かくて上代産業の發達は第二十一代雄略天皇の御世に至りて極まれり。天皇深く御心を殖産に用ひたまひ、遠く神代において天照大神を助けたてまつりて、農事に盡くさせたまへる豊受大神を丹波より伊勢に迎へて皇大神宮に近くまつりたてまつれり。後世この宮を外宮といひ、皇大神宮を内宮と稱して、竝びあがめまつる。天皇また皇后をして親しく蚕を養はしめて範を世に示さしめたまひたれば、國民ますますこの業に勵みぬ。この頃産業に從事する歸化人の子孫もおひおひに増加し、秦氏の數のみにても既に一萬八千餘人に上りて、その業にいそしみたるに、朝廷更に職工・縫工を支那より招き、陶工・鞍工・畫工などをも百濟より召させたまひしかば、各種の工藝竝び興りて國富大いに加わり、遂に三蔵の竝立を見るに至れり。さきに三韓服屬以来、彼の貢獻多く、加ふるに國内の工業發達して、絹布の製出をおびただしきを以て齋蔵の外に内蔵を建てて、漢氏をしてこれを掌らしめ、初めて神物・官物を區別せしに、今やまた國家の財政ますます擴大せしにより更に大蔵を建てて秦氏をしてこれを掌らしめ、新たに朝廷の内帑と政府の用度とを區別したり。この後、蘇我満智をしてこの三蔵を總轄せしめたるより、他日その同族の隆盛を致すと共に、古来齋蔵を掌りし齋部氏は、かへってその勢力を失ふに至りぬ。

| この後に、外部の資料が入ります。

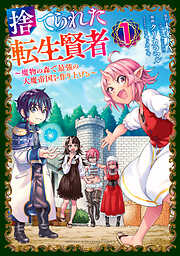 【期間限定　無料お試し版】捨てられた転生賢者　～魔物の森で最強の大魔帝国を作り上げる～（１）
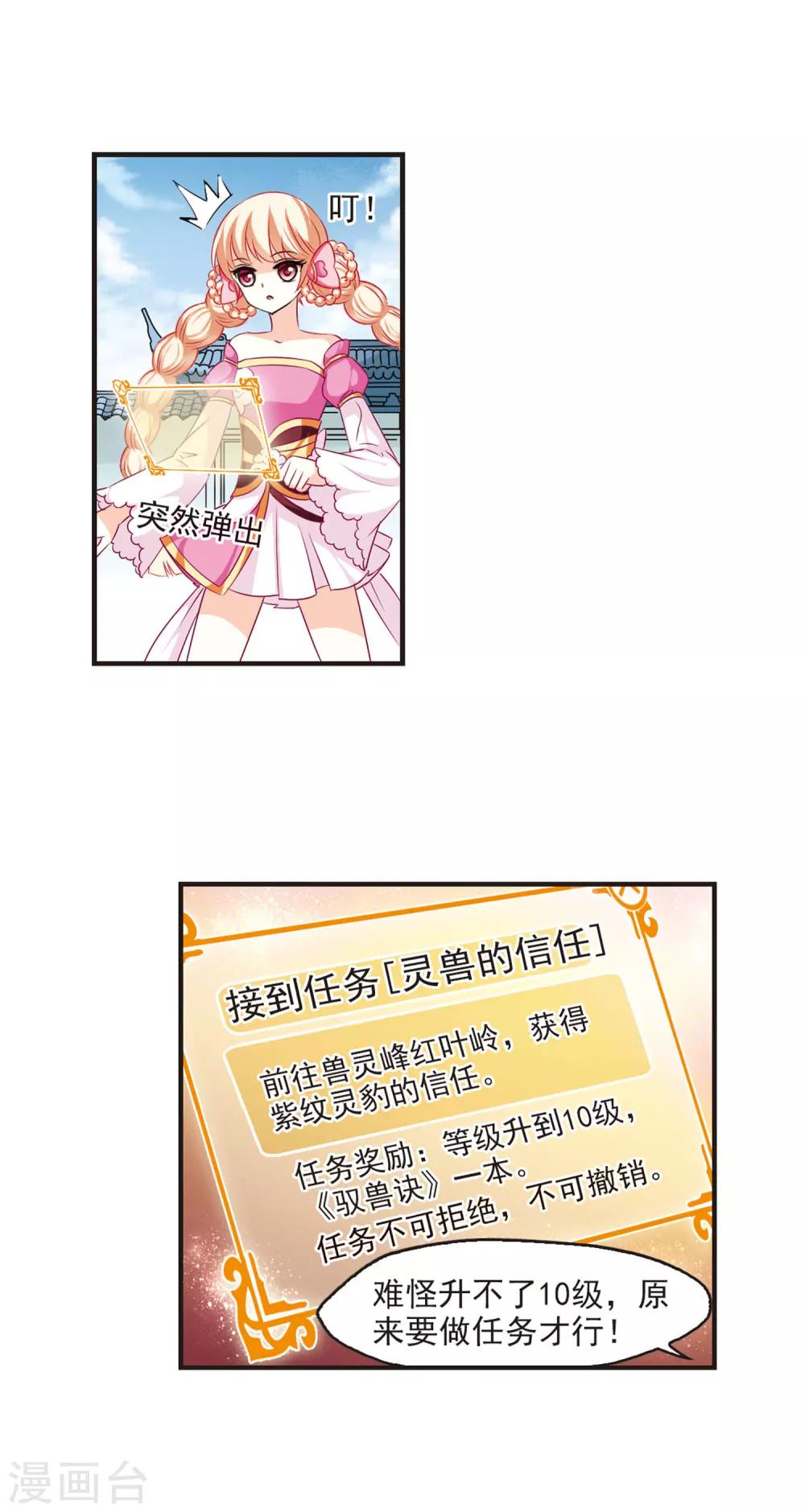 风起苍岚漫画全集免费阅读下拉式奇漫屋漫画,第60话 等级狂飙32图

外来諸種の技藝は、わが固有の技術と調和して大いに文運の進歩を促ししが、佛教の傳来によりて更に社會に大なる影響を與えたり。佛教はもとインドの釋迦牟尼が若くして出家し、苦學難行の後遂に大道を悟り、あまねく衆生を教化せるに始まる。この教えはすでに後漢の代に支那に傳はり、下りて東晋のころ朝鮮半島に入りしかば、早くわが國にも傳流し、繼體天皇の朝に支那人司馬達等歸化して大和に住し、佛を祭りてその法を弘めんとせり。されど人々これを外國の神として信奉するものなかりしに、紀元一千二百十二年欽明天皇十三年に至り、百濟の聖明王使いを遣わして、金銅釋迦佛の像、幡蓋・經論などを獻じ、別に表を上りて盛んに佛陀の功徳を禮讃せり。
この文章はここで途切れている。